Troubleshooting CI/CD

GitLab provides several tools to help make troubleshooting your pipelines easier.

This guide also lists common issues and possible solutions.

Verify syntax

An early source of problems can be incorrect syntax. The pipeline shows a yaml invalid badge and does not start running if any syntax or formatting problems are found.

Edit gitlab-ci.yml with the Web IDE

The GitLab Web IDE offers advanced authoring tools, including syntax highlighting for the .gitlab-ci.yml, and is the recommended editing experience (rather than the single file editor). It offers code completion suggestions that ensure you are only using accepted keywords.

If you prefer to use another editor, you can use a schema like the Schemastore gitlab-ci schema with your editor of choice.

Verify syntax with CI Lint tool

The CI Lint tool is a simple way to ensure the syntax of a CI/CD configuration file is correct. Paste in full gitlab-ci.yml files or individual jobs configuration, to verify the basic syntax.

When a .gitlab-ci.yml file is present in a project, you can also use the CI Lint tool to simulate the creation of a full pipeline. It does deeper verification of the configuration syntax.

Verify variables

A key part of troubleshooting CI/CD is to verify which variables are present in a pipeline, and what their values are. A lot of pipeline configuration is dependent on variables, and verifying them is one of the fastest ways to find the source of a problem.

Export the full list of variables available in each problematic job. Check if the variables you expect are present, and check if their values are what you expect.

GitLab CI/CD documentation

The complete gitlab-ci.yml reference contains a full list of every keyword you may need to use to configure your pipelines.

You can also look at a large number of pipeline configuration examples and templates.

Documentation for pipeline types

Some pipeline types have their own detailed usage guides that you should read if you are using that type:

Troubleshooting Guides for CI/CD features

There are troubleshooting guides available for some CI/CD features and related topics:

Common CI/CD issues

A lot of common pipeline issues can be fixed by analyzing the behavior of the rules or only/except configuration. You shouldn’t use these two configurations in the same pipeline, as they behave differently. It’s hard to predict how a pipeline runs with this mixed behavior.

If your rules or only/except configuration makes use of predefined variables like CI_PIPELINE_SOURCE, CI_MERGE_REQUEST_ID, you should verify them as the first troubleshooting step.

Jobs or pipelines don’t run when expected

The rules or only/except keywords are what determine whether or not a job is added to a pipeline. If a pipeline runs, but a job is not added to the pipeline, it’s usually due to rules or only/except configuration issues.

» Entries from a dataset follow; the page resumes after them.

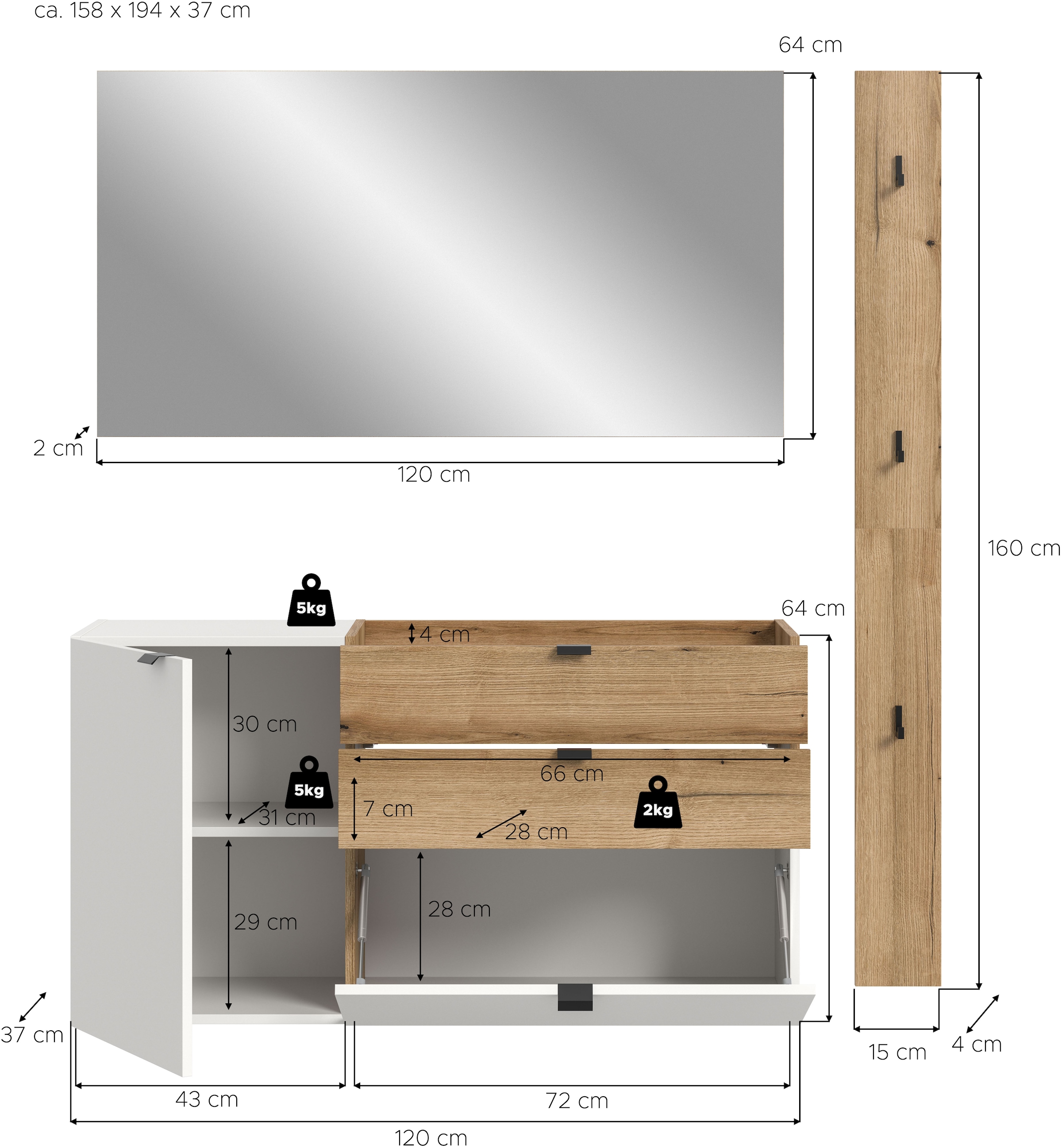 Home affaire Garderoben-Set »Oran« Set, 3 Stk. tlg.
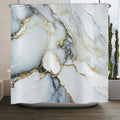 Marble Shower Curtain | White & Gold Abstract Polyester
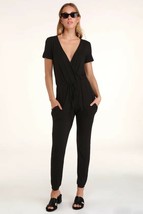 Lulus SEVANNAH charcoal Gray rayon SHORT SLEEVE JUMPSUIT M or 6-8 new - $501.74 MXN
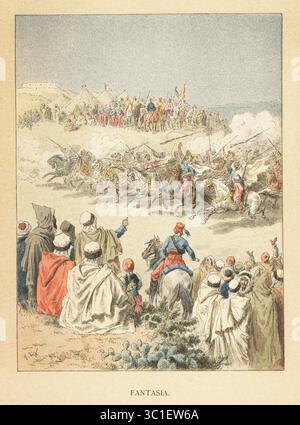 Fantasia festival o LAB el-baroda in Marocco, XIX secolo. Mostra di equitazione tradizionale conosciuta anche come giochi di polvere da sparo. Cavalieri arabi in abiti bianchi si caricano attraverso il deserto sparando moschetti moukhala. Un pubblico di uomini arabi guarda dalle tende sulle dune. Fantasia au Maroc. Cromolitografia di S. Krakow dopo un'illustrazione di Frederic Lix da Les Peuples de la terre di Charles Delon, Peoples of the Earth, Parigi, 1890. Foto Stock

If a pipeline does not seem to run at all, with no error message, it may also be due to rules or only/except configuration, or the workflow: rules keyword.

If you are converting from only/except to the rules keyword, you should check the rules configuration details carefully. The behavior of only/except and rules is different and can cause unexpected behavior when migrating between the two.

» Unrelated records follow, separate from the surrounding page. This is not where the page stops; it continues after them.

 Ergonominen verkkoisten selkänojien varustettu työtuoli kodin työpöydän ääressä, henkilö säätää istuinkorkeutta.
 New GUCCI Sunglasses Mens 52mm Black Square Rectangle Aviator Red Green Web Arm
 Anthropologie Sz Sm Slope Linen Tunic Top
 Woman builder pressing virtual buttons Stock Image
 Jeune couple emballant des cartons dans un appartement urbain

The common if clauses for rules can be very helpful for examples of how to write rules that behave the way you expect.

Two pipelines run at the same time

Two pipelines can run when pushing a commit to a branch that has an open merge request associated with it. Usually one pipeline is a merge request pipeline, and the other is a branch pipeline.

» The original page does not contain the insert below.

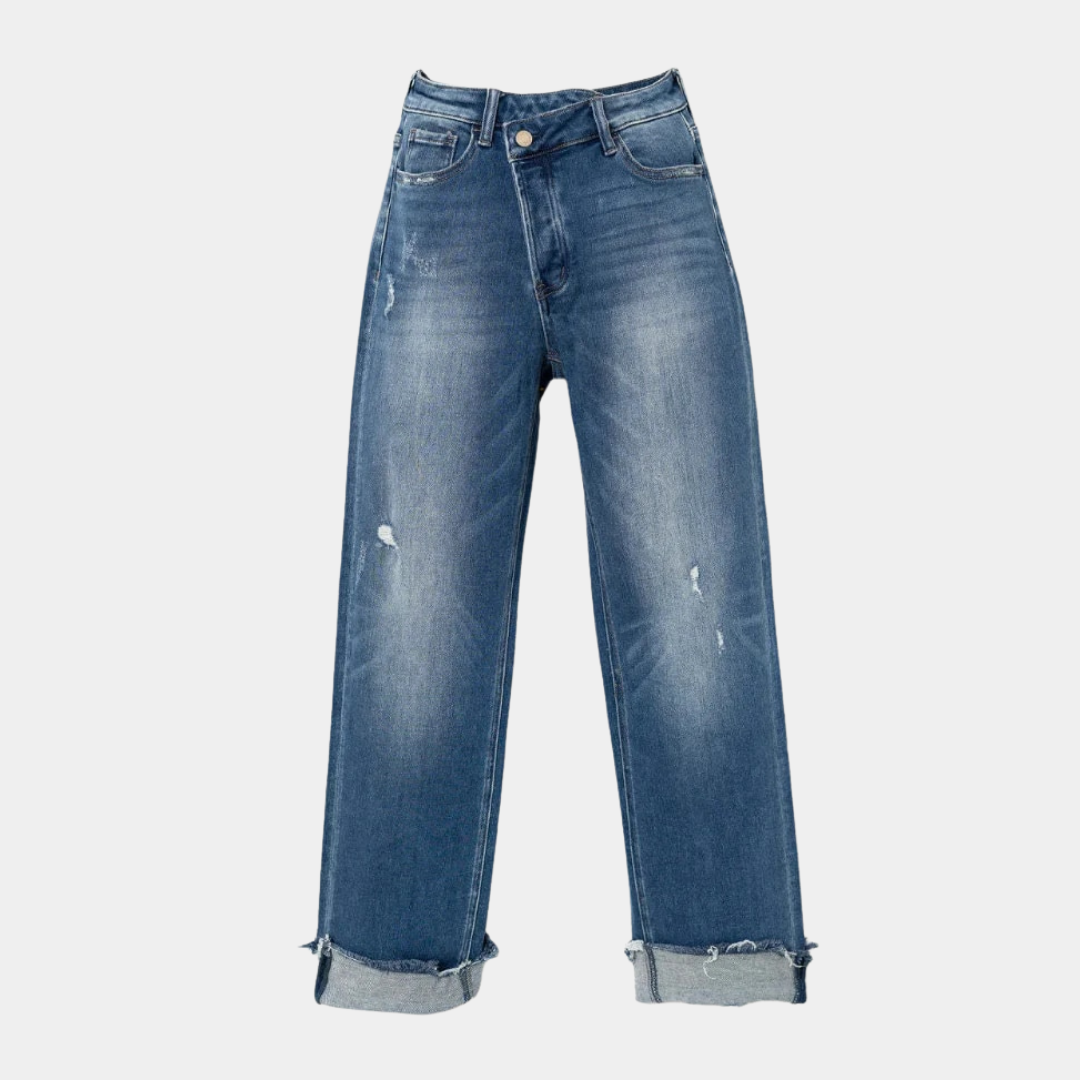 casual washed blue denim straight long pants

This is usually caused by the rules configuration, and there are several ways to prevent duplicate pipelines.

A job is not in the pipeline

GitLab determines if a job is added to a pipeline based on the only/except or rules defined for the job. If it didn’t run, it’s probably not evaluating as you expect.

No pipeline or the wrong type of pipeline runs

Before a pipeline can run, GitLab evaluates all the jobs in the configuration and tries to add them to all available pipeline types. A pipeline does not run if no jobs are added to it at the end of the evaluation.

If a pipeline did not run, it’s likely that all the jobs had rules or only/except that blocked them from being added to the pipeline.

If the wrong pipeline type ran, then the rules or only/except configuration should be checked to make sure the jobs are added to the correct pipeline type. For example, if a merge request pipeline did not run, the jobs may have been added to a branch pipeline instead.

It’s also possible that your workflow: rules configuration blocked the pipeline, or allowed the wrong pipeline type.

A job runs unexpectedly

A common reason a job is added to a pipeline unexpectedly is because the changes keyword always evaluates to true in certain cases. For example, changes is always true in certain pipeline types, including scheduled pipelines and pipelines for tags.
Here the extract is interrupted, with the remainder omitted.